MR STEFANIAK (continuing):

A point raised by Ms Tucker related to energy conservation and the fact that that was not mentioned in the Bill. I think that is probably more a point of detail. As no doubt Ms Tucker would be aware, all new government housing in Canberra - despite economic difficulties, we try to provide as much new housing as we can, to ensure that our tenants are properly catered for - has to be built with this in mind. In fact, over the last 14 or 15 months as Minister I have had the pleasure of opening a number of new housing projects which have the latest in energy conservation. I think Ms Tucker and her colleague Ms Horodny have been to a couple of those openings and have inspected some of those new buildings, and have been, I would hope, fairly favourably impressed by the energy conservation shown.

Mr Moore quite correctly stressed the importance and the innate fairness and sensibility of the objects set out here, and I thank him for his comments. He also mentioned the need not to push people to the fringes. I think in Canberra we are very fortunate - and we are continuing this policy - in having public housing in the vast majority of suburbs. There are now new designs. They are not just things like the Radburn design, or the classic standard 1947 three-bedroom govie design. We now have different types of designs for the newer houses. Quite often it is very difficult to tell what is a public housing property and what is a private housing property. Our tenants are spread throughout the suburbs. We also have various alternative types of housing - some of the community housing is a good case in point here - also spread throughout the suburbs, and not necessarily on the fringes. I think that is testimony to the fact that public housing has been spread throughout Canberra in an attempt to avoid some of the problems in other parts of Australia and overseas where you do have public housing concentrated in a certain area and you risk such things as ghetto mentalities.

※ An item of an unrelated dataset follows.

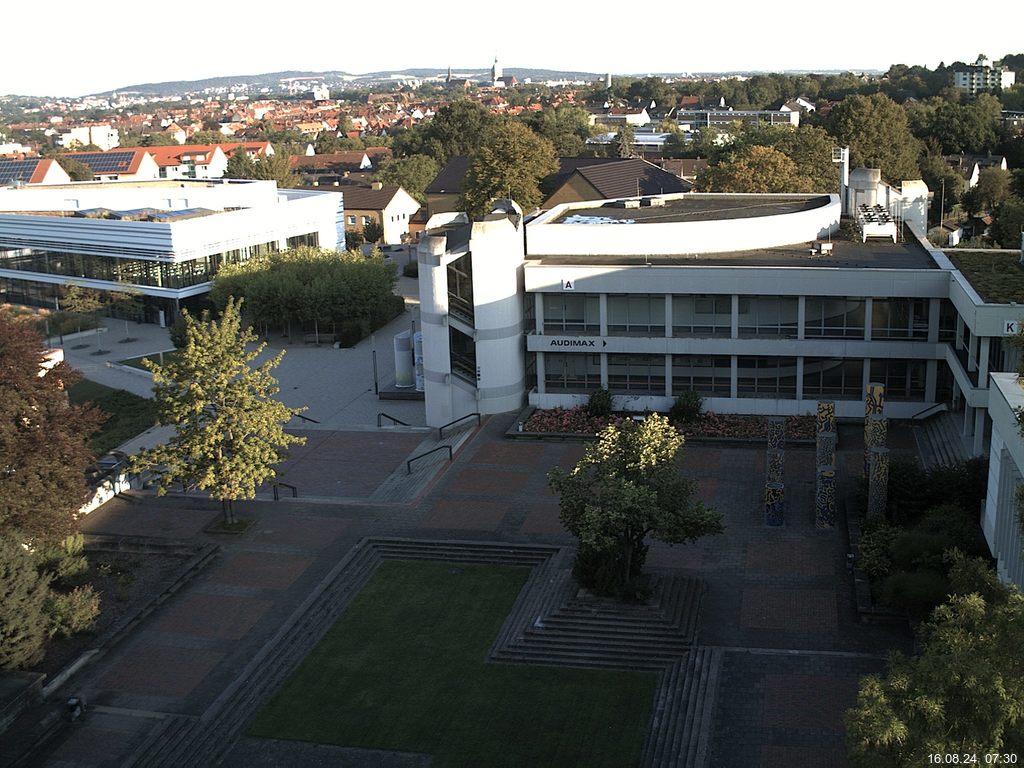 Foto der Webcam: Verwaltungsgeb&auml;ude, Innenhof mit Audimax, H&ouml;rsaal-Geb&auml;ude 1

As well, in recent times, where there are large concentrations of people in public housing, such as in the flats, certain things have been done to improve the amenity of people. In terms of the ABC flats, improvements have been made there. The fact that there is a housing officer there to assist on a regular basis, that there are such things as guardian angels and that a significant refurbishment of gardens has taken place has led to a marked improvement in terms of lessening crime. People actually want to move there and there is a greater amenity of life for our tenants. Similarly, improvements in such places as Burnie Court have led to an improved quality of life for tenants in those larger areas. All of those things are crucially important in terms of public housing. So we do have a good mix of housing and types of housing, and a good mix throughout most of our suburbs.

Mr Speaker, at this stage in terms of the Commonwealth-State agreement the aim is that both the Commonwealth and the States are not disadvantaged in any way financially, and I think that is essential, especially speaking on behalf of the Territory. There is no way that we would want to be disadvantaged in any way. In terms of the new agreement, which is basically Brian Howe's option B with a few amendments, there is significant potential, if it is done properly, for public housing not only in the Territory but Australia-wide to really advance into the twenty-first century, with more flexibility for the States, significant input of moneys still from the Commonwealth, and the ability for improvements to be made as a result.